### Data provided

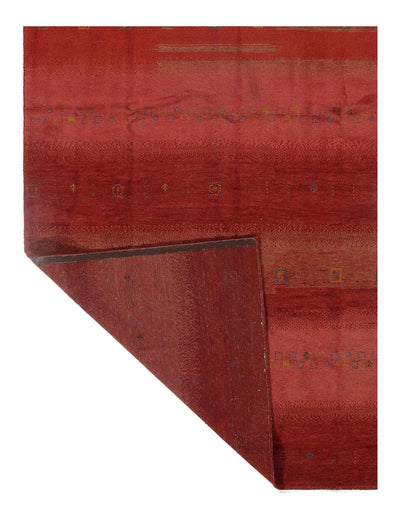 Canvello Red Silkroad Gabbeh Rug - 6'6" X 9'9" - Canvello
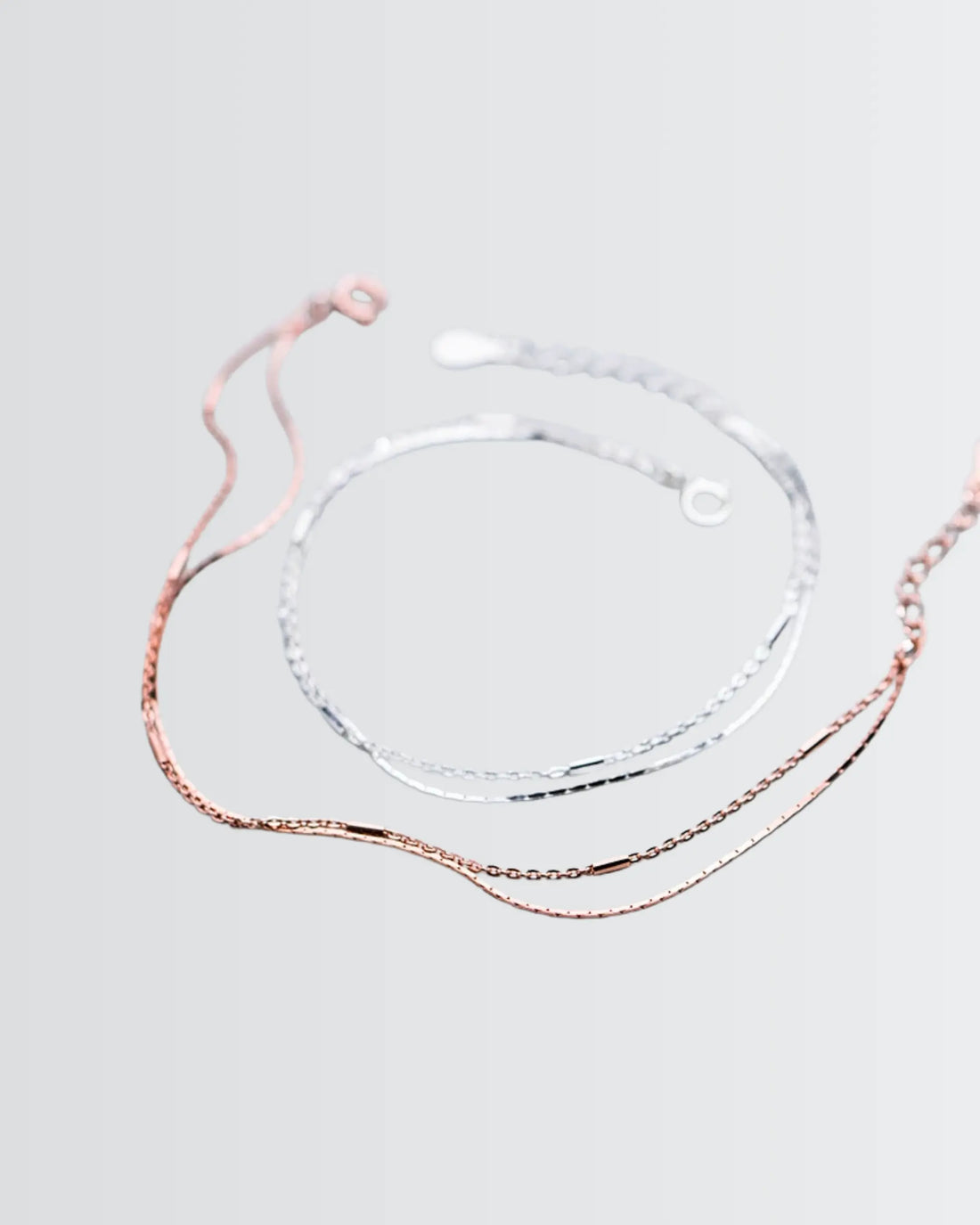 Luxe Lines Minimal Bracelet - Silver Bracelet by BLINGLANE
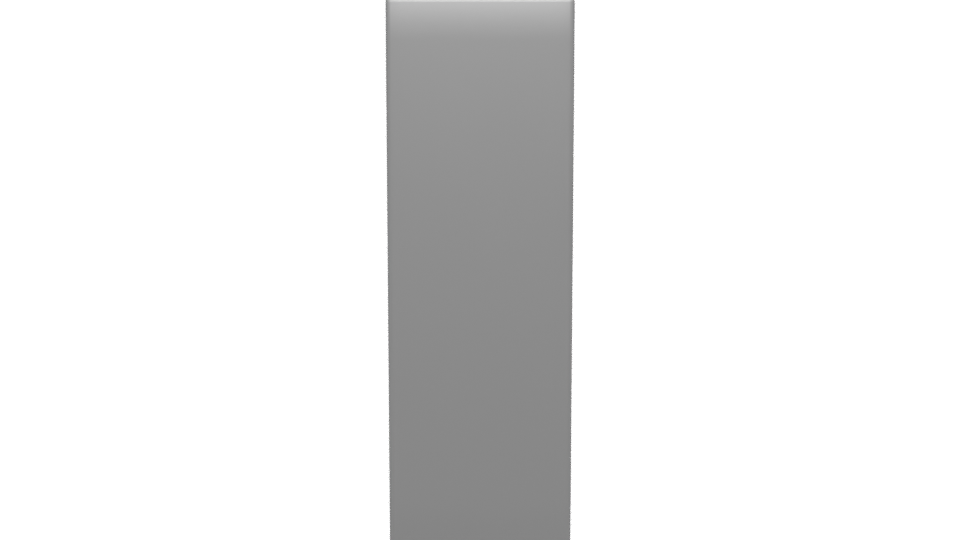 Sleek Modern Refrigerator Model - Professional 3D Model Render 5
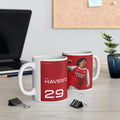Kai Havertz Arsenal Premier League Champions Ceramic Mug (11oz, 15oz)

######

## About this exercise
Leaving the images out, retype all the material above exactly.

## Answer
 Canvello Red Silkroad Gabbeh Rug - 6'6" X 9'9" - Canvello
 Luxe Lines Minimal Bracelet - Silver Bracelet by BLINGLANE
 Sleek Modern Refrigerator Model - Professional 3D Model Render 5
Kai Havertz Arsenal Premier League Champions Ceramic Mug (11oz, 15oz)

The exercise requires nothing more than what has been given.